2. More people started with Windows than any other OS.
3. Thinking for yourself is a trait assumed to be equally likely in people who started with Windows as in any other OS.
4. Therefore, all things being equal, people who think for themselves will leave Windows for an alternative, leaving a disproportionate number of people who don't think for themselves with Windows. Even if Windows does not make people fail to think for themselves.
For real fun, you can replace "Windows" with "Christianity" and I think the same basic argument holds up, leading to a migration of intelligent, independent thinkers to atheism which does not actually indicate that atheism causes better thinking. I think atheism is probably right, myself. Just sayin'.

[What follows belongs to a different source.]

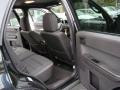 Tuxedo Black Metallic - Escape XLT Photo No. 14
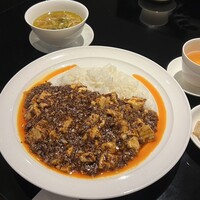 黄鶴 -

As a not so naive Brit, we have our much superior 3 second rule for the same thing.
I'd like to know what the GP has on the floors in his house that is so toxic that the tiny amount that will rub off on food is detrimental for your health? How on earth do people survive in places without nice sealed floors and cleaning chemicals? You'd think we'd have evolved some method of protecting our bodies against stuff like that.

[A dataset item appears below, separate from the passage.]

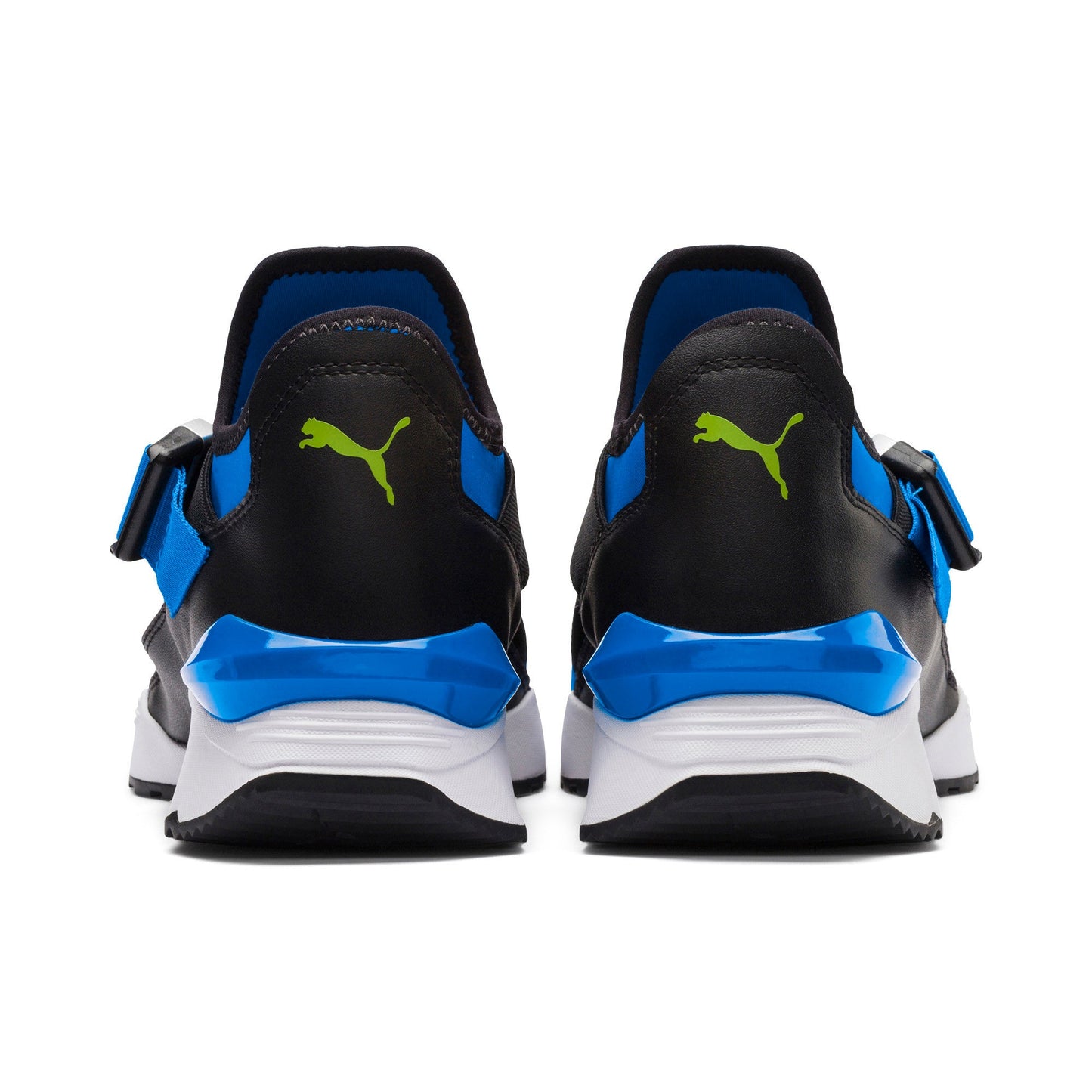 Women's Puma Muse Eos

> Do people in the US really believe that you can eat food
> that's fallen on the floor if you pick it up fast enough?
Short answer: no, but yes.
Long answer: There are two kinds of people. Some people won't eat food that has fallen off the plate onto the table, their lap, the chair, the floor, wherever. If it fell, it's "dirty", and they throw it away.
There are also people who think this is silly. If there's no visible dirt on it, or if you can brush it off, hey, it's still food. Unless it fell into pig excrement or something, a little surface contact with a potentially dirty surface is fundamentally unimportant. Nothing the old stomach acid can't handle in short order.

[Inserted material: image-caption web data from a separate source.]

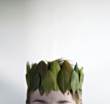 ͷ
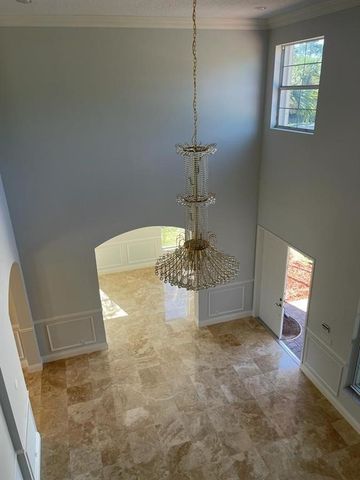 9326 Plantation Estates Dr, Royal Palm Beach, FL 33411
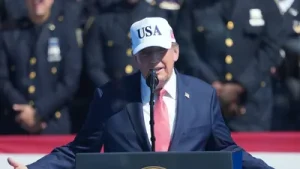 Trump govt to target deported migrants abroad over $423 million: A practical reader guide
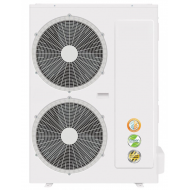 Наружный блок Ishimatsu AP-280MDIMOU3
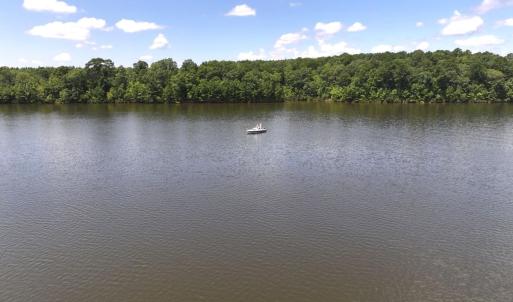 Photo #39 of Off  Johnson Farm Road, Kenly, NC 130.1 acres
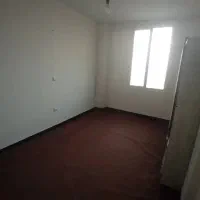 یک واحد آپارتمان ۵۲ متری|فروش آپارتمان|تهران, یافت آباد شمالی|دیوار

The "thirty-second rule" arises from a clash between these two ways of thinking. Somebody drops a piece of food, picks it up, and eats it, but there's one problem: someone from the other school of thought is present, and shrieks out "Ewwwwwwww! That fell on the floooooor!" The other guy shrugs. "Yeah, so? It was only on the ground for, like, five seconds. What's your problem?"
In practice, the number of seconds doesn't matter. Most people who have a piece of food in their hand or on their plate with the intention of eating it have put more thought into wanting to eat the food than they have into being grossed out by the floor, so if they drop the thing, they pick it up and eat it without a second thought. If it takes them thirty-two seconds to pick it up instead of thirty, or six instead of five, or whatever the local variant of the "rule" is, they won't say, "Oh, it's been a couple of seconds too long, better throw it out." The thought process is more along the lines of "Hey, I wanted that; I didn't mean to drop that; I was going to eat that; give me that. Nom nom nom."
And going the other way, with a few exceptions, people who are grossed out by dropped food usually won't eat it if it only fell on the table or the kitchen counter. The table is "dirty", even if it was just bleached half an hour ago. The counter is "dirty" as far as the food off the plate is concerned, even if you set an apple there a moment ago (then picked it up and took a bite). The food fell, therefore it's contaminated, therefore you don't eat it.
Personally, I consider the whole "dropped food is gross" thing to be a minor neurosis, but not one that causes any significant trouble in a society with a long-term food surplus, such as the US for instance. If it makes you feel better to throw the food away, hey, toss it in the nearest waste receptacle. No skin off my nose.
Cut that out, or I will ship you to Norilsk in a box.